You can fund your CD with an online or phone transfer from another account or by mailing a check.
At the end of your CD’s term, you’ll have several options for getting your money out or investing it in a new CD.
Is a CD Right for Me?
It depends. Certificates of deposit are useful in a few different situations. Perhaps you have cash you don’t need now but will want within a year or a few years. A CD with an appropriate term would be a good way to earn a little more interest on that money while keeping it safe.
CDs also are a good choice for risk-averse investors who don’t want to take a chance on more volatile investments such as stocks.
Where Can I Get a CD?
Virtually every bank and credit union offers at least one certificate of deposit, and most have a wide array of them. So not only is your local brick-and-mortar bank an option but so is every other bank or credit union in your community.

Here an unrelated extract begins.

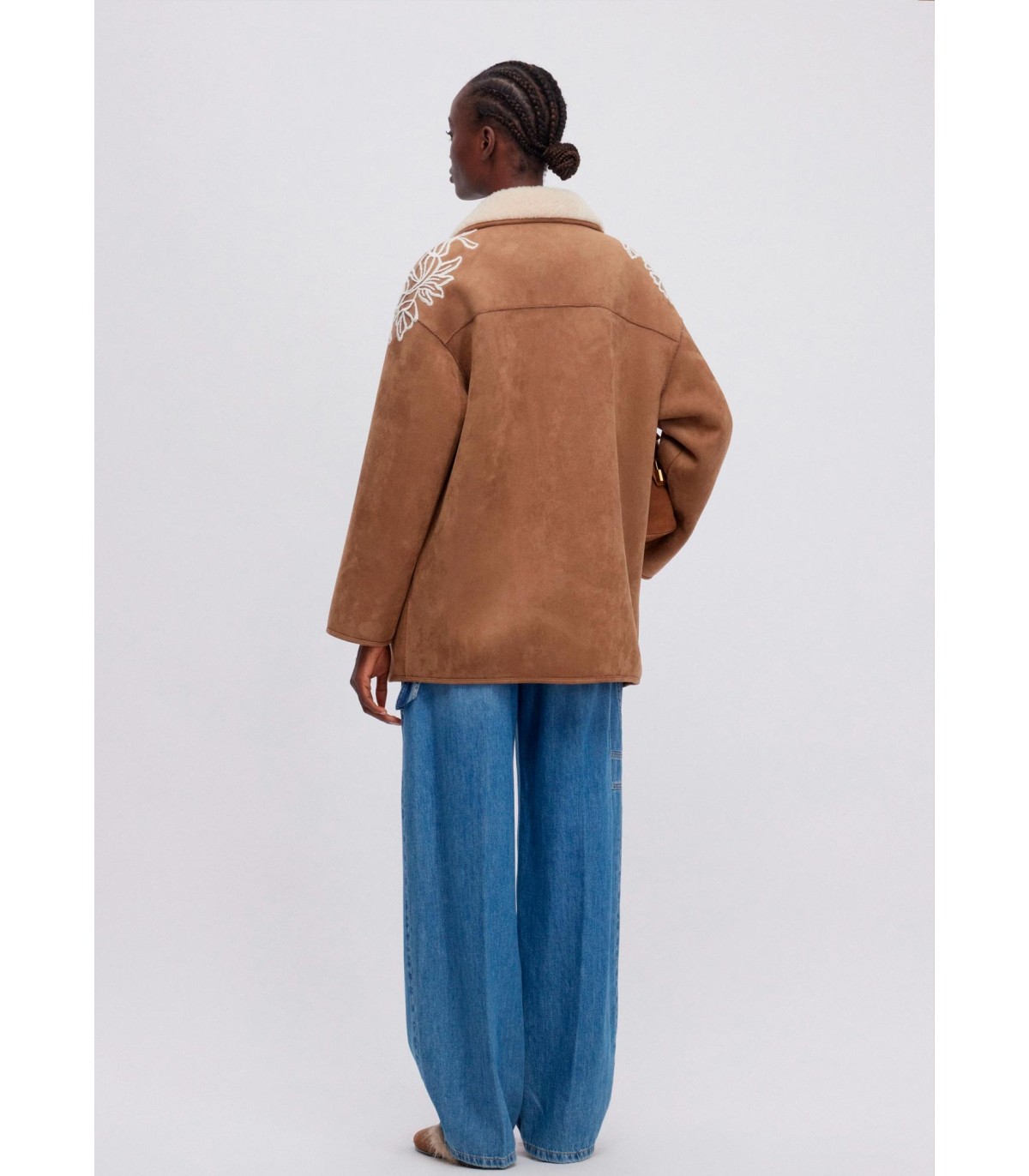 CHAQUETA DE PIEL DE OVEJA ECOLÓGICA CON BORDADO - ermanno firenze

Which CD Term Should I Choose?
That depends on how soon you need to get your money back. If you are saving for a specific goal or project, the expected start of that project can help you determine your maximum CD term. On the other hand, if you’re just socking away cash, you might opt for a longer-term CD to maximize your interest rate.
The Bottom Line
Opening a certificate of deposit (CD) is easy, and choices are plentiful. Because interest rates can vary widely from one financial institution to another, it pays to shop around.
But even before that, it’s good to have a basic idea of the kind of CD you want and for how long you are comfortable having your money tied up in it.